Piping Plover

Bird of The Week: Piping Plover

SCIENTIFIC NAME: Charadrius melodus
POPULATION: 8,000 individuals
TREND: Increasing
HABITAT: Nests on open sandy or gravel beaches and alkali flats; winters on beaches and mudflats

 

The small, sand-colored Piping Plover, named for its melodic, plaintive whistle, is a bird of beaches and barrier islands, sharing this habitat with Least TernsBlack Skimmers, and Wilson’s Plovers.
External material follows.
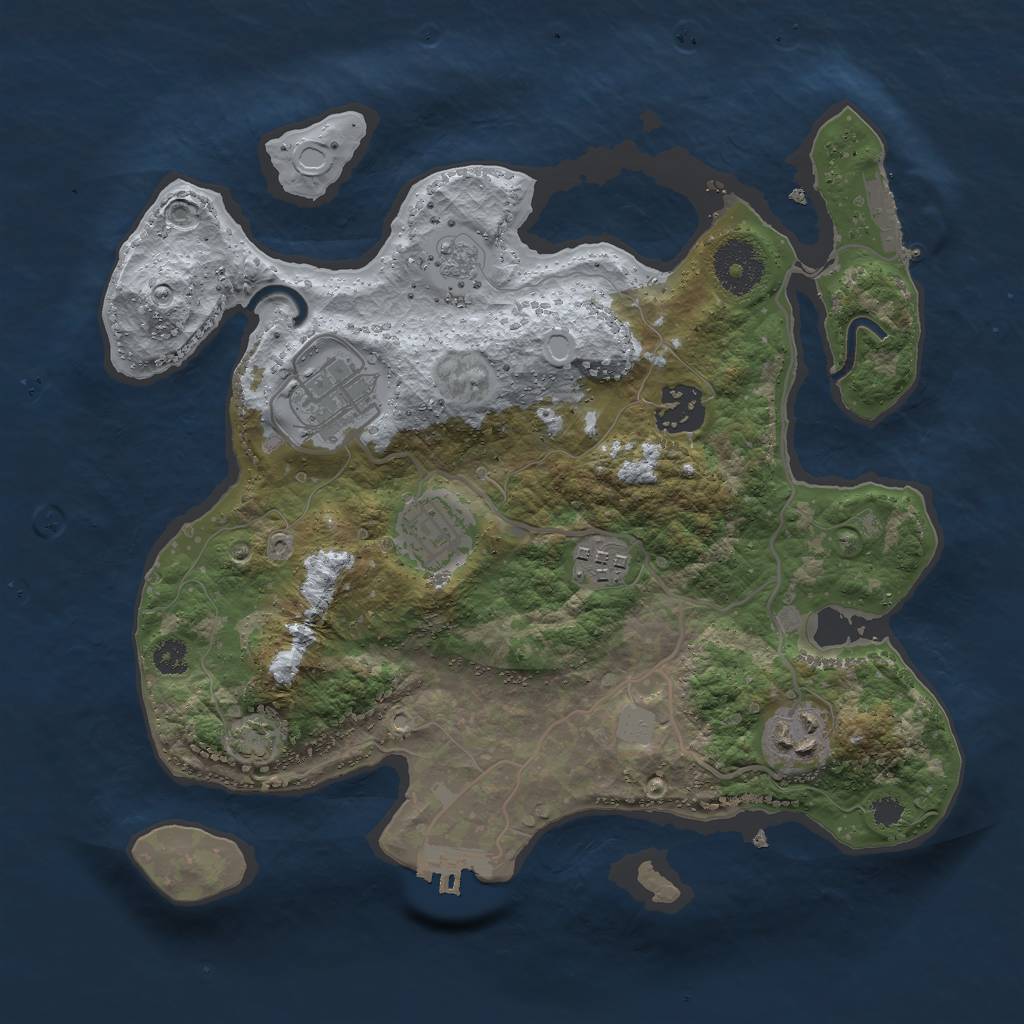 Rust Map: Procedural Map, Size: 3000, Seed: 392487, 12 Monuments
Beaches are also popular with people, and their impacts have caused serious declines in Piping Plover populations. Shoreline development and stabilization projects, free-roaming cats and other predators, poorly sited wind turbines, gas/oil industry operations, and global warming are some of the biggest threats to this species.

 

Beach Sprites

Piping Plovers resemble wind-up toys as they dart along the beach in search of food, taking a wide variety of insects, marine worms, and crustaceans. They nest in small depressions in the sand called scrapes and often nest in the same area with Least Terns.

Like many other plover species, adult Piping Plovers employ a “broken wing display” when threatened to draw attention to themselves and away from their chicks and nest.

 

Saving the Piping Plover

The Piping Plover is federally listed as Endangered in the Great Lakes region and Threatened in the remainder of its U.S. breeding range; it’s also listed as Endangered in Canada. The Great Lakes population is on the 2014 State of the Birds Watch List.

Critical Piping Plover nesting habitats are now protected to help the species during its breeding season. Populations have seen significant increases since the protection programs began, but the species remains in danger. For example, at popular Jones Beach near New York City, nesting Piping Plovers are threatened by a colony of feral cats. ABC is urging authorities to remove the cats for the safety of this federally protected species.

ABC is also leading a Gulf Coast conservation effort that is working to identify and implement protective measures for vulnerable beach-nesting birds and other birds, such as the Piping Plover, that winter there. Strategies include preservation of plover habitats; public education; limiting off-road vehicle (ORV) traffic; and limiting predation of free-roaming cats and dogs.